Customising TEI, ODD, Roma

1. Introduction

Throughout its history, TEI has grown into a complex and encompassing system, allowing you to express your view on a text in a very flexible way, ranging from rather general statements on the textual structure to highly specific analyses of all kinds of textual phenomena. Currently, the TEI defines no less than 505 different elements and it is hard to imagine a document that would need them all. On the other hand, it is much easier to imagine a document that would need just that element that isn't present in the current set of elements defined by TEI.
The TEI community anticipated such concerns and explicitly designed TEI P5 as
  • a highly modular system, allowing users to cherry-pick the parts they need
  • an extensible system, allowing users to add new elements and attributes or modify existing ones
Put differently, TEI very much resembles a library of text concepts where you can walk in, stroll through shelves filled with TEI element and attribute definitions, and choose exactly those that suit your document analysis.
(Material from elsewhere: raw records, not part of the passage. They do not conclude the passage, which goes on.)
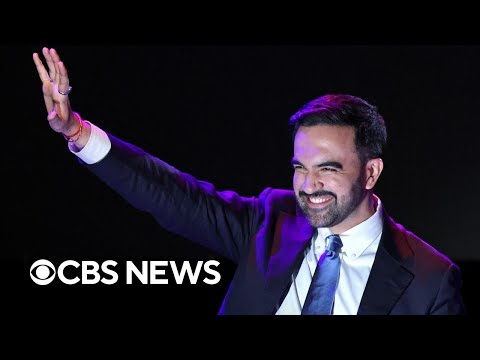 World reacts to Zohran Mamdani's win in NYC mayoral race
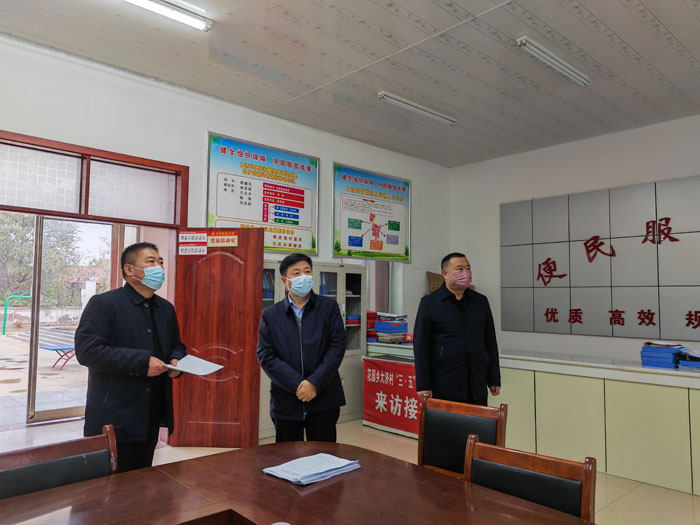 縣委常委、政法委書(shū)記陳鴻志到花園鄉(xiāng)大濟(jì)村督導(dǎo)鞏固拓展脫貧攻堅(jiān)成果后評(píng)估工作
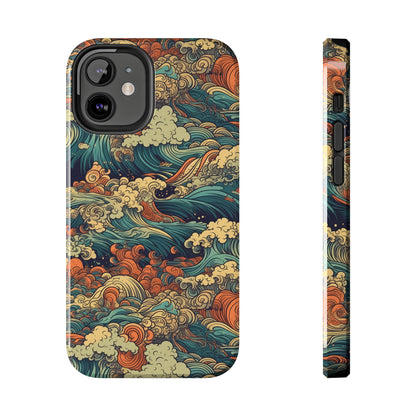 Colorburst Coast - Wave of Colors - Tough Phone Case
When you check out at the counter, they will all be collected and put in a nice bag, reading 'schema for [your name]'s documents'. What's more, even if you have brought your own elements and attributes, they will be included in the same schema! You take your receipt, labelled 'blueprint for [your name]'s TEI schema', walk home and happily start encoding your texts with your TEI schema. In the TEI world, this library visit is called 'customising TEI'. As it is a visit you will have to repeat often, this tutorial will guide you through the most relevant steps of customising TEI schemas.
A couple of elements in above analogy will be the focus of this tutorial, so allow us to elaborate them a bit more:
  • In this tutorial, the general term TEI schema will be used for any formal representation of the elements and attributes you expect in a document. TEI schemas can be expressed as Relax NG schemas, W3C Schemas, or DTDs (don't worry, you ordered for one of these at check-out). In general, you don't have to work on these schemas themselves; they are rather meant as auxiliary files for your XML editing / processing software to validate your document(s) and make sure they conform to the rules.
  • Even more important than a schema is the 'blueprint' for your TEI schema. This will allow you to remember the choices made and facilitate you to share your schemas with others. In TEI world, such a 'blueprint' is just another TEI document with specific elements, and is called an ODD (One Document Does it all).
  • It's important to know that, as of TEI P5, there is no 'fixed' monolithic one-size-fits-all TEI schema. Instead, you are supposed to create your own before you can start encoding TEI texts. In this sense, customisation is a built-in prerequisite for using TEI. Testimony to this centrality is the fact that TEI maintains a specific tool for easing this customisation process. It is called 'Roma', and accessible as a user-friendly web form at http://www.tei-c.org/Roma/. Consider it an electronic librarian.
This tutorial won't discuss the different TEI schema formats but instead focus on both the formal ODD way of expressing TEI customisations and the Roma tool. In doing so, it will be the odd one out: at the same time slightly more conceptual than the other ones and more concrete, using and introducing the Roma web tool along the way throughout the examples.